It's a man with self esteem problems. A selfish cowardly man who so badly wanted to be praised for doing the bare minimum. A man who let envy bite through the hand that fed him. Cause sometimes the worst monsters are the ones that are the most human. And everyone died and suffered because one man (Curly this time) kept making excuses for that one weak link (Jimmy).
I also love that the crew in Mouthwashing didn't die because Jimmy went around hacking them up. They died because of his poor leadership decisions. The leadership that he so badly believed that he could do better than Curly.
- Anya was already stressed out from the assault and she was on the edge of a mental breakdown, Jimmy responded to that by shouting at her. 💀 Girl chugged down that pill bottle like it was water.
- Daisuke was an intern, he just did whatever he was told, eager to impress Jimmy. Jimmy says climb the vents, Daisuke climbed the vents. The vents collapsed on Daisuke.

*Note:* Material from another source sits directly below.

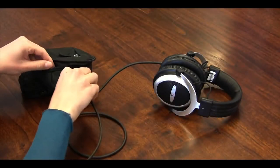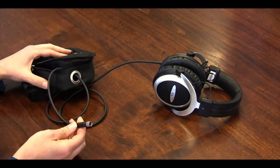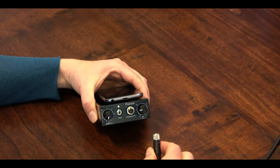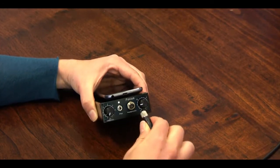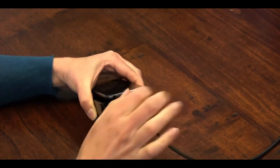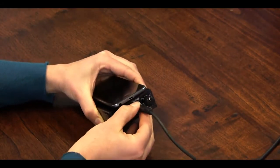Let's connect the headphones. Take the headphone cable and run it through the grommet on your waist pack. The headphone cable is designed to screw down securely to the amplifier. Line up the four pins on the connector with the four holes in the cable. Plug the cable firmly into the four pin connector, and then turn the silver collar clockwise until it is snug.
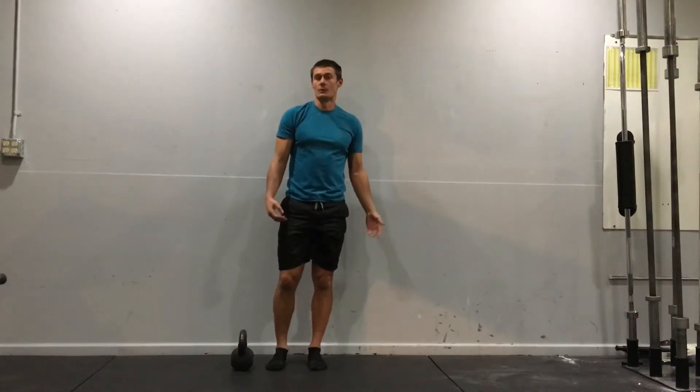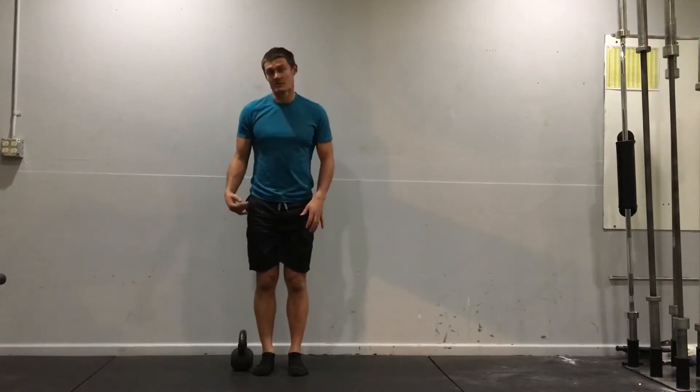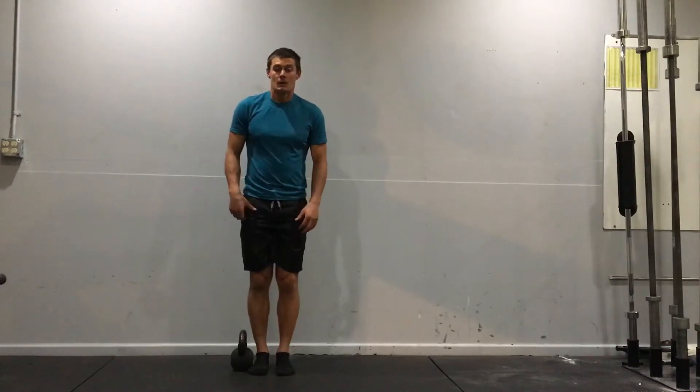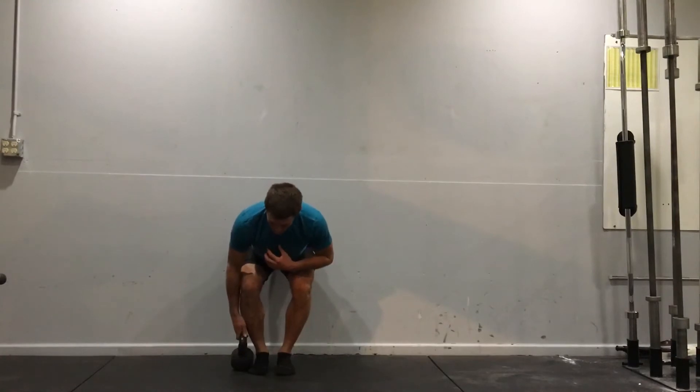Kettlebell one side loaded deadlift, or suitcase deadlift. I'm going to stand right beside the kettlebell with my feet in a very narrow stance and get as close to the kettlebell as possible. Then I'm going to hinge down so that my hand can grab the kettlebell.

Jimmy then tries to disinfect the wound with Mouthwashing, mind you Anya had earlier mentioned that using the chemical would only make wounds worse. Swansea reminded him of this. Jimmy ignores him. Proceeds to aggravate Daisuke's wounds so bad they Swansea has to mercy kill him.
- Swansea is an old man and 'life in prison' does not mean so much to him anymore. Plus, Jimmy has stepped on his last nerve. Swansea tries to kill Jimmy. Jimmy shoots him.
A domino of events that look like accidents, all avoidable if Jimmy listened, if Jimmy calmed down, if Jimmy did not act so darned arrogant and demanding all the darn time. And now he's left in a ship of corpses, but Curly is still there........
So Jimmy does what he does best.
He blames Curly (and then Jimmy finally has a mental breakdown).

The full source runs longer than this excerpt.